Poems About Wonder — Where the Ordinary Becomes Something You Can't Name
Wonder poetry from the Louisiana Gulf Coast — written by Mitchell Parfait, from Dulac, where wonder isn't something you go looking for — it finds you while you're doing something else.
By Mitchell Parfait · Dulac, Louisiana · Published May 14, 2026 · 8 min read · Wonder & the Gulf South
Most people think wonder requires something extraordinary — a mountain, a comet, a once-in-a-lifetime thing. But the best poems about wonder will tell you something different: wonder lives inside the ordinary. It's the pelican that dives the same arc every morning and still makes you stop. It's the marsh going pewter at dusk — a thing you have seen a hundred times that suddenly looks like it belongs to another world. On the Gulf Coast, wonder is not a destination. It is a condition of paying attention.
What Wonder Really Is
Wonder isn't amazement at the exotic. It is the feeling of the ordinary suddenly revealing itself as strange and irreducible. The pelican that dives the same way every day — the same angle, the same fold of wings, the same explosion of white against the gray surface of the bay — and somehow surprises you again. Not because you forgot how it looked, but because the looking itself went deeper this time, past habit and into something that does not have a name.
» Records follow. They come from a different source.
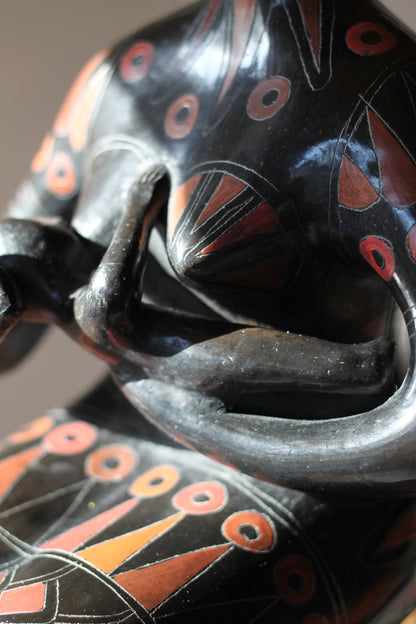 A Large Glazed Terracotta Blackware Sculpture of a Mother Figure Feeding Her Baby, in the manner of Manuel Felguerez , 39 cm's Tall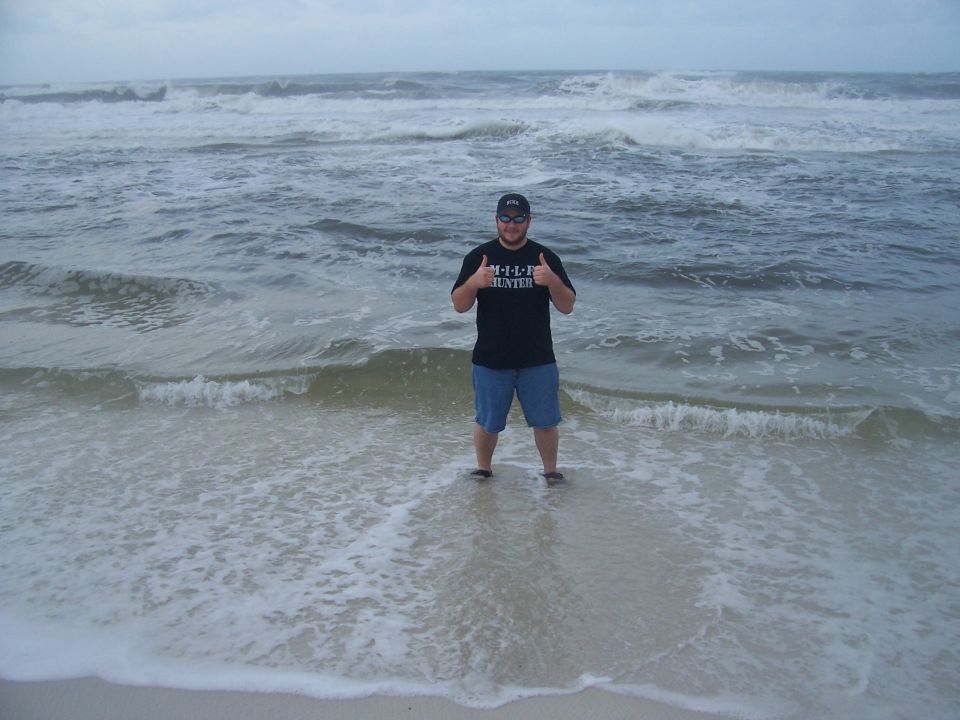 Man in black t-shirt and blue shorts gives two thumbs up while standing in ocean waves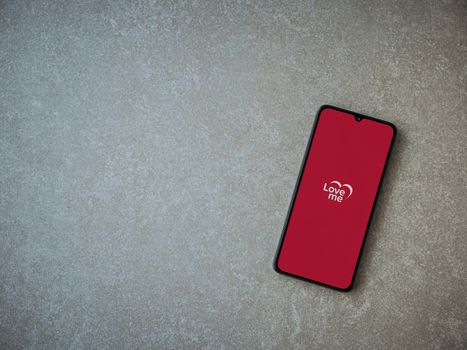 Lod, Israel - July 8, 2020: Loveme app launch screen with logo on the display of a black mobile smartphone on ceramic stone background. Top view flat lay with copy space.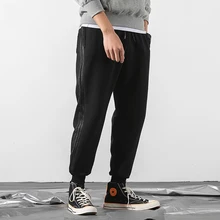 Europe and the United States 2019 new men's casual wild print men's sports pants running fitness breathable pants tights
The marsh at dusk, when the light goes flat and everything turns the color of pewter. You have seen it before. You will see it again. But there is a moment — brief, wordless, uncalled — when it stops being scenery and becomes something that asks a question of you. That is wonder. Not exotic. Not rare. Ordinary, and then suddenly enormous. The wonder poetry that stays with you is written from inside that moment — not from the lookout point, but from the dock, the boat, the flat where you were doing something else when it happened.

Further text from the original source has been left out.